No one can get out of The Grey anymore. I heard they were shooting men seen near the fences. On our side, we had perfume and colorful dresses. We could get everything we wanted. We didn’t know those men. It was far away. Here, we never wore grey. We were happy. We were free.
Later, we heard gunshots at night. We knew it was happening on our side of the fence, but we said nothing. What was there to say? Instead, we looked in our mirrors. We smelled like Heavenly Lavender. We used lipstick instead of lip balm. We were still happy.
That summer, the brilliant bursts of muzzle flash replaced the on-off, on-off, on-off of fireflies. With our fingers in our ears, it was beautiful in the dark.

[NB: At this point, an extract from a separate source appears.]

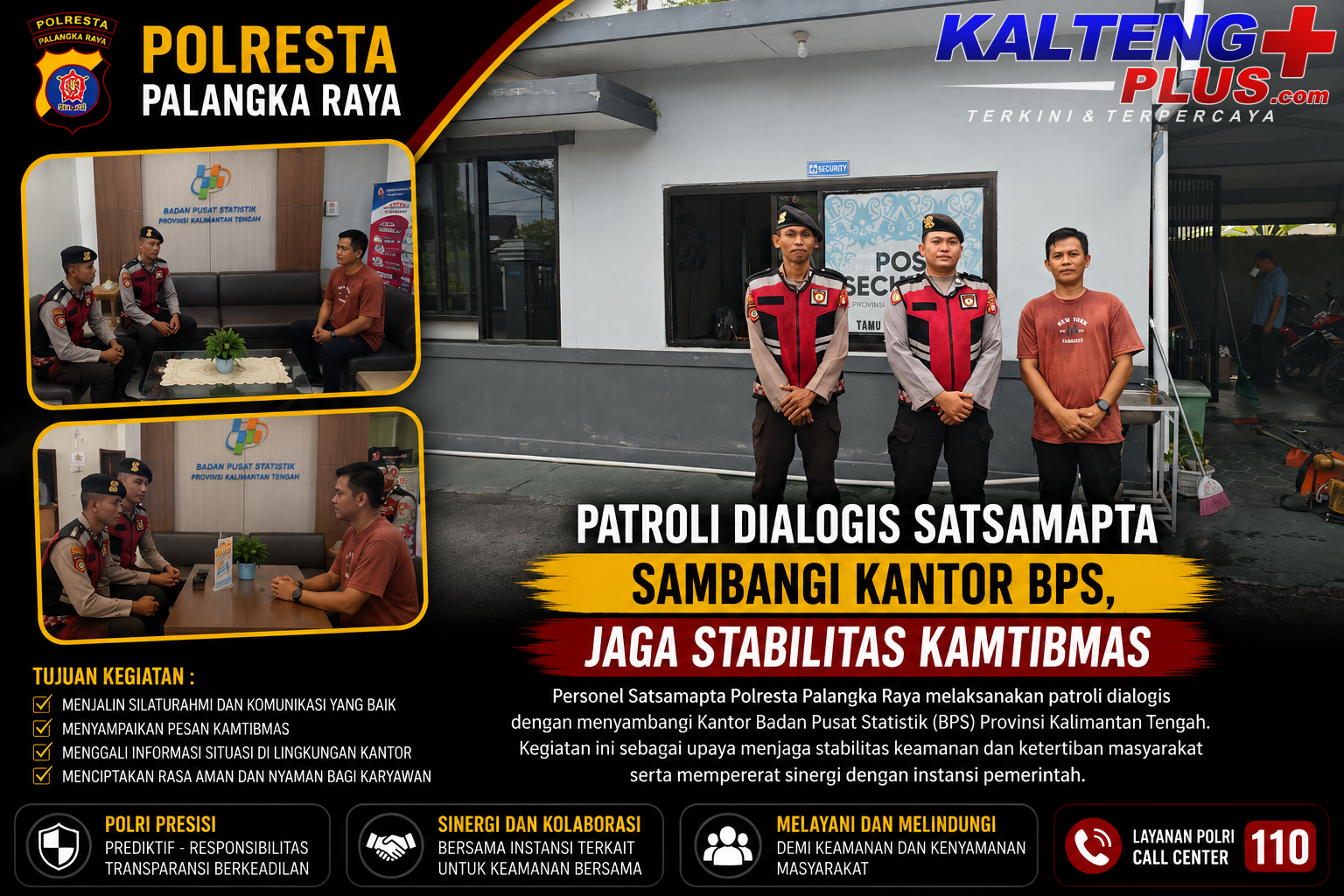 Patroli Dialogis Satsamapta Sambangi Kantor BPS Jaga Stabilitas Kamtibmas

It’s hard to see groceries instead of faces anymore. It used to be so easy to conjure up books, or cookies, or fresh tomatoes. I can still block out faces, but I can no longer transform them into the reasons I go to work every day. Instead, sitting atop shoulders and bursting forth from shirt collars are rows and rows of grey, granite tombstones. These small, rounded forms block out the light and remind me that we cannot escape The Grey. It’s on both sides of the fence now, but we should try to be happy. After all, they never took away our screens.